Der Schnee stört die große Kandidatenshow in Hannover am zweiten Advent. Als der Parteitag der Sozialdemokraten mit etwas Verspätung beginnt, sind noch viele Plätze leer. Das Wetter ist schuld, beeilt sich die nordrhein-westfälische Ministerpräsidentin Hannelore Kraft zu erklären, als sie das große Parteitreffen zur Nominierung des Kanzlerkandidaten eröffnet. Wenige Hallen weiter auf dem Messegelände hatten die Christdemokraten fünf Tage zuvor ihrer Parteichefin Angela Merkel das beste Ergebnis ihrer bisherigen Amtszeit an der Spitze der CDU beschert. 97,9 Prozent Zustimmung, so viel Rückhalt wie nie für die Bundeskanzlerin. Steinbrück wird Merkel später als den „letzten Markenkern“ der CDU bezeichnen.

Niemand in der SPD will Merkels Ergebnis allerdings zur Messlatte für Steinbrück machen. Und doch hängen diese 97,9 Prozent von Anfang an wie eine Mahnung zur Geschlossenheit über den Genossen. „Er wird ein gutes Ergebnis bekommen“, sagte der rheinland-pfälzische Generalsekretär Alexander Schweitzer kurz vor Beginn des Parteitags. Ministerpräsident Kurt Beck nennt die Debatte der vergangenen Wochen über die Nebeneinkünfte Steinbrücks „überzogen“. An der Basis werde das gar nicht so hochgehangen, das sei vor allem „ein Medienthema“. Doch es sind auch andere Töne zu hören: Die Bundestagskandidaten sind merklich unruhig. Sie wollen, dass Steinbrück endlich aus der Defensive kommt. Dass er den Schalter umlegt.

Der Einmarsch des Kanzlerkandidaten ist denn auch noch kein Triumphzug. Umgeben vom SPD-Parteivorstand, schreitet Steinbrück langsam, fast bedächtig, in den Saal. Mit „Miteinander. Für Deutschland“ sind die Kulissen bedruckt. Der Begrüßungsapplaus fällt freundlich aus, verebbt aber schnell. Steinbrück muss die Genossen heute noch gewinnen.
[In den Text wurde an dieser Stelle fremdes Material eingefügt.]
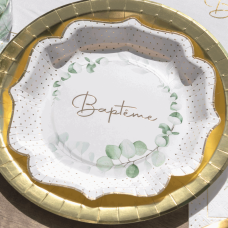 10 Assiettes jetables en carton Baptême Végétal 21 x 21 cm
Er holt weit aus, zieht die großen Linien nach: von der Einführung der gesetzlichen Krankenversicherung Ende des 19. Jahrhunderts bis zum Widerstand im Nationalsozialismus. „Ja, ich bin stolz, ein Sozialdemokrat zu sein.“ Als hinter ihm ein Greenpeace-Aktivist ein Transparent gegen Kohlekraftwerke ausrollt, gerät Steinbrück kurz ins Stocken. Nicht schon wieder störende Zwischentöne, nicht jetzt. Er hatte gerade erst an Fahrt gewonnen.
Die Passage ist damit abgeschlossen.